Version 1.9b3 should fix all of these. Hopefully I won’t find anything
else that needs fixing soon, so we can finally have a 1.9 release. but
if there are any problems with this beta, please let me know!

JHOVE 1.9b2

JHOVE 1.9b2 is up, fixing issues with the configuration file. The code for editing the configuration file from the GUI was just completely broken, but I think it’s fixed now. I can’t imagine anyone was ever trying to add init strings to modules (none of the standard ones use one anyway) or add handlers using the GUI, or someone would already have noticed. But I couldn’t stand having it not fixed, so the new build is there.

Format registry browser online

In an effort to promote interest in my format registry browser, I’ve built a Java web application out of it and put it up on Google App Engine at regbrowser.appspot.com. It lets you search PRONOM, UDFR, and the DBPedia structured summaries of format articles, by name, MIME Type, creator, and extension. It uses SPARQL Linked Data queries to obtain data.

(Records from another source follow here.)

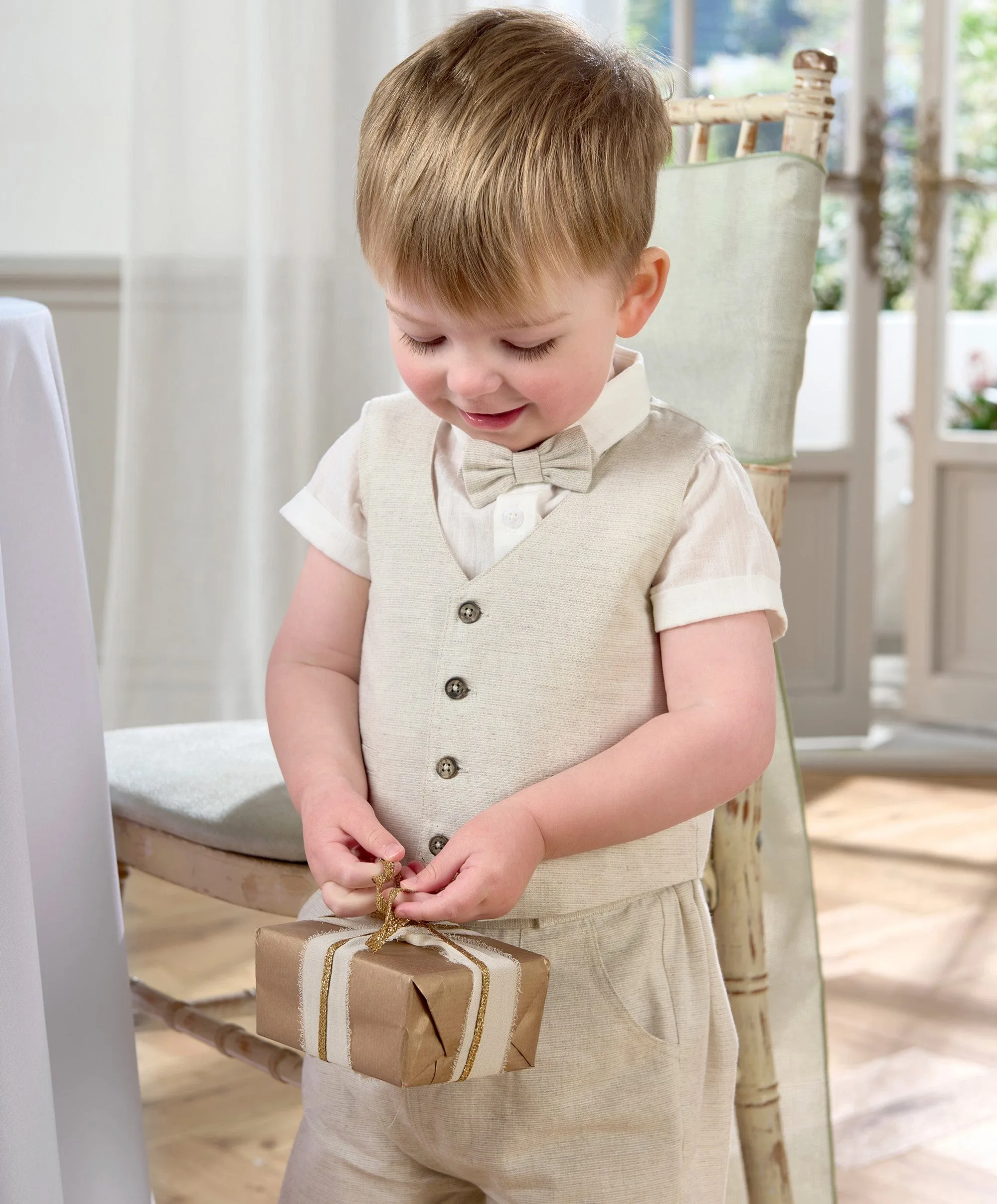 Shirt, Waistcoat, Trousers & Bow Tie Set (4 Pieces) Babykids Mamas & Papas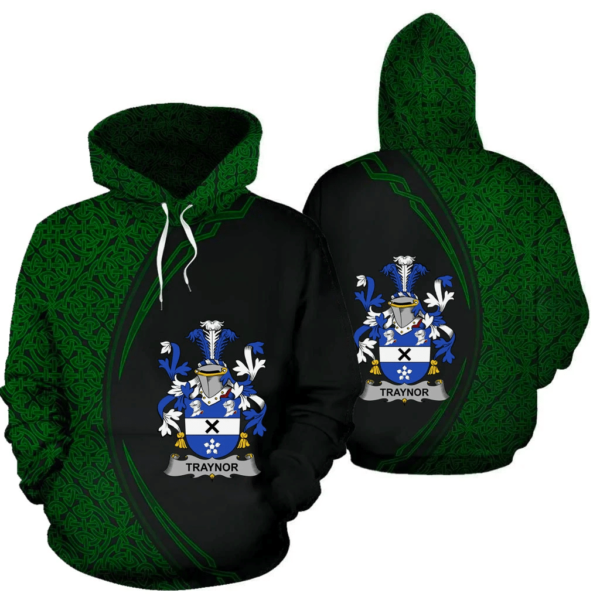 Ireland Hoodie - Traynor or Trainer Irish Family Crest Hoodie - Celtic Circle Style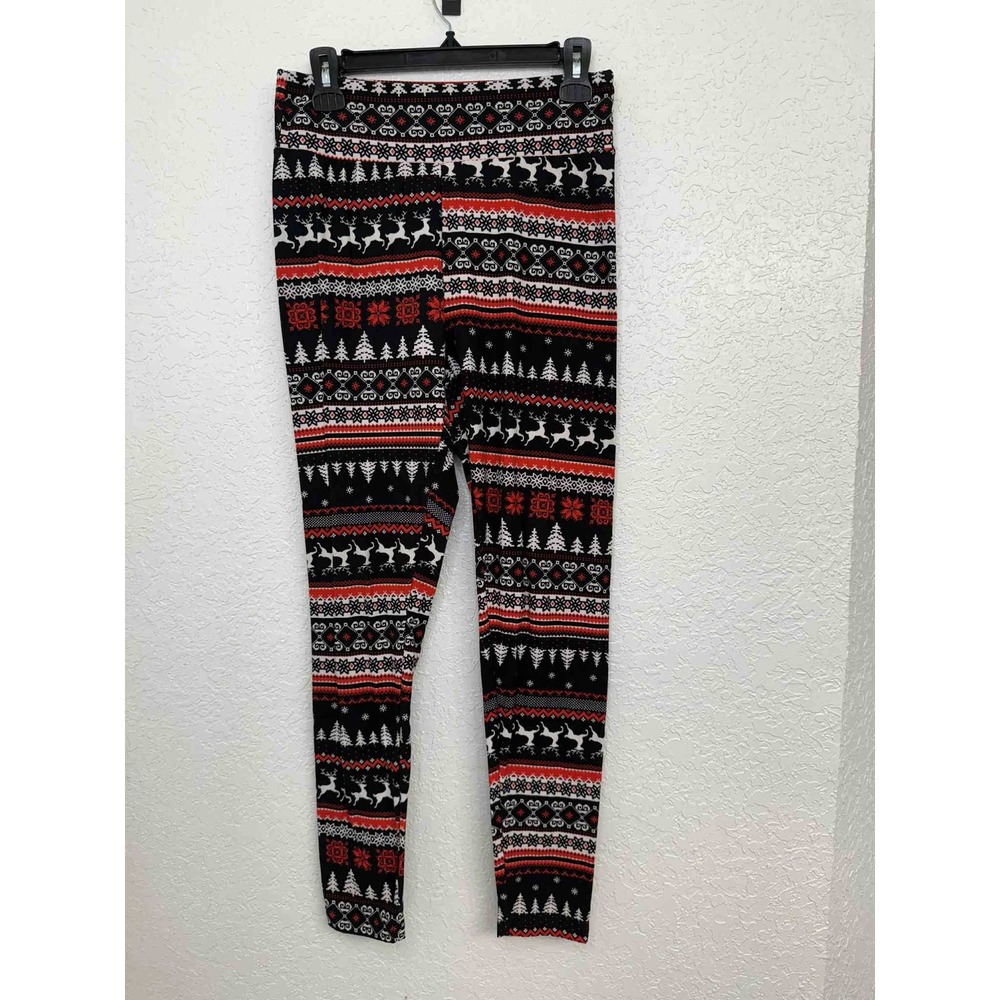 No Boundaries Womens Fair Isle Reindeer Holiday Leggings Red Black White L 11-13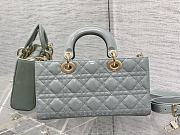 	 Bagsaaa Dior Lady D-Joy Medium Patent Gray Leather Bag - 26*6*14cm - 3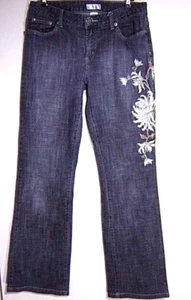 METRO 7 Women's Jeans size 8 32 x 30 Black Embroidered Mid Rise Boot Cut - Picture 1 of 6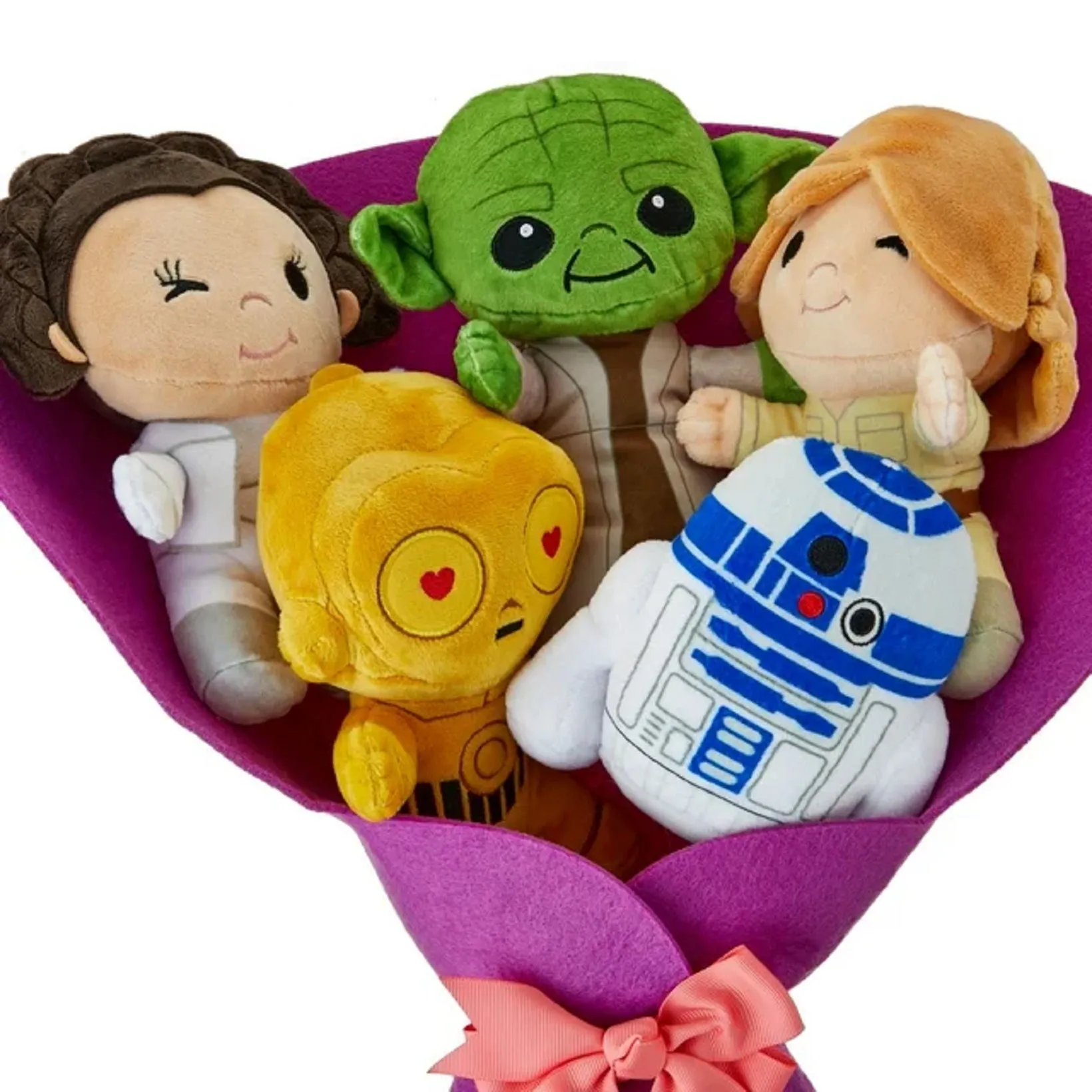 Just Play Star Wars Large Plush Valentine's Bouquet with Luke Skywalker, Princess Leia, Yoda, C-3PO, R2-D2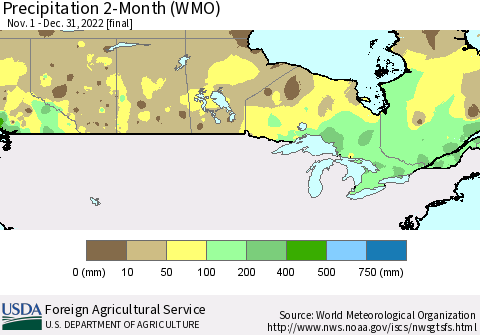 Canada Precipitation 2-Month (WMO) Thematic Map For 11/1/2022 - 12/31/2022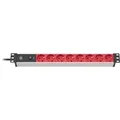 Alu-Line 19" Steckdosenleiste 8-fach rot/schwarz, 1HE, 2 Meter, Sicherung 10A, Kaltgerätestecker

It’s still in a rough form; the point is to show what it can do and hopefully get some interest in putting money into further development. Obvious improvements, which I may do shortly, would include checkboxes for which repositories to search and retention of text fields when returning to the search page.

UDFR times out a lot. If you get a timeout error, trying again has a good chance of working.